Operations. As we embrace the cloud, we are implementing more complex and distributed systems than we have in the past and with the adoption of CI/CD pipelines we are deploying more frequently than ever before. If we want to compete, we can no longer afford long review cycles and massive check lists. We must trust in our automation that we implement in our cloud platforms, pipelines and our monitoring. Operations is becoming too complex for humans to watch everything, therefore, we see a push towards concepts like observability and AI Ops.

Process. When I visit customers trying to improve resiliency, often the culprit for bad recovery time is process related. I did a value stream mapping exercise for a customer once and discovered that no matter what the issue was, the best resolution time was 5 days. Even for simple changes. There were so many reviews and approval steps involved that even changing a color on a web page would be a week to implement. Once we made the flow of work visible, people were in shock on the amount of toil that was in the system. Some of it was because of the number of silos within the organization and some of it was a reaction to an outage that happened before most of the people were even there.
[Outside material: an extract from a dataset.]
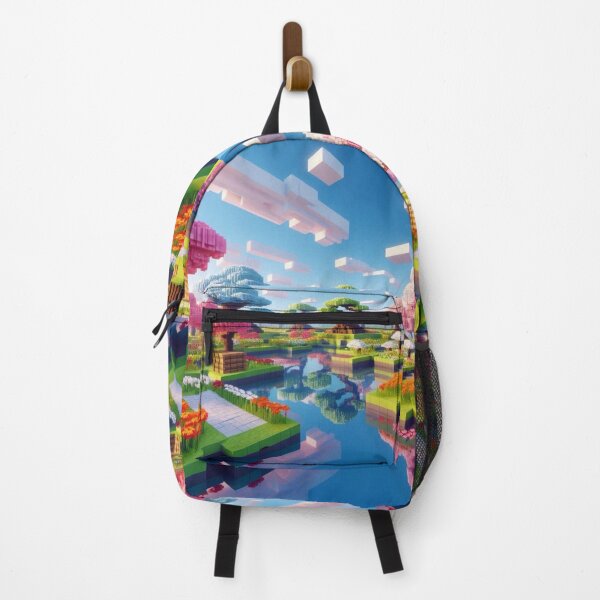 Item preview, Minecraft world, Japanese garden, cherry blossom trees, Japan, gaming, blue sky, pixel art, blocky digital landscape designed and sold by Sugar Wisdom .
Instead of resolving the issue, the company put another manual step in the process and over the years it just became a rubber stamp approval process. Nobody knew why they did, but they still did it and it could add over one day to the process if the approver was not available. All of these processes impact our ability to quickly recover.

Team Structure

Silos are for grain. The biggest productivity and resiliency killer is silos. I did a DevOps assessment at a high-tech client a few years back. They had the best score I ever saw from a technical perspective. They were implementing microservices, containers, fully automated infrastructure and pipelines but their products' reliability was continuing to decline and their time to recover was also declining, Customers were yelling. If they were so good at technology, why were they failing?

The reason was silos. They had a product team, a platform team, a cloud infrastructure team and an Ops team called SRE (bites tongue). They all had their own backlogs and different goals and objectives. Everybody knew that their issues were caused by the fact that their successful growth has caused the system to outgrow its original architecture, especially in the database area. Long story short, they outgrew what a traditional relational database could handle and needed to supplement it with alternatives. The problem fell on the both the infrastructure and platform teams and the product team had nothing to do with it. But the changes required would require changes in the product. The product team’s goals and objectives were too feature focused and reliability and resiliency were the responsibility of the SRE team.

It gets worse. For the SRE team to improve their response time, they needed more information in the logs. But they could never get that prioritized by the product team. So they built several home-grown solutions to get more information from the systems. Over time these solutions became way too complex and grew its own huge backlog of technical debt. The end result was angry customers because the same problems kept resurfacing.

They implemented observability solutions, chaos engineering and basically all modern ops practices but because they couldn’t influence the product backlog, so they continued to work very hard instead of fixing the root cause. This was an organizational structure challenge, not a technical challenge.

Summary

The main point of this post was to articulate that improving resiliency requires more than just buying observability tools or implementing a chaos monkey. It requires system thinking that makes all work and dependencies visible and systematically improving weaknesses within a system. Sometimes it’s a technical fix but sometimes it much harder because it requires process or organizational change.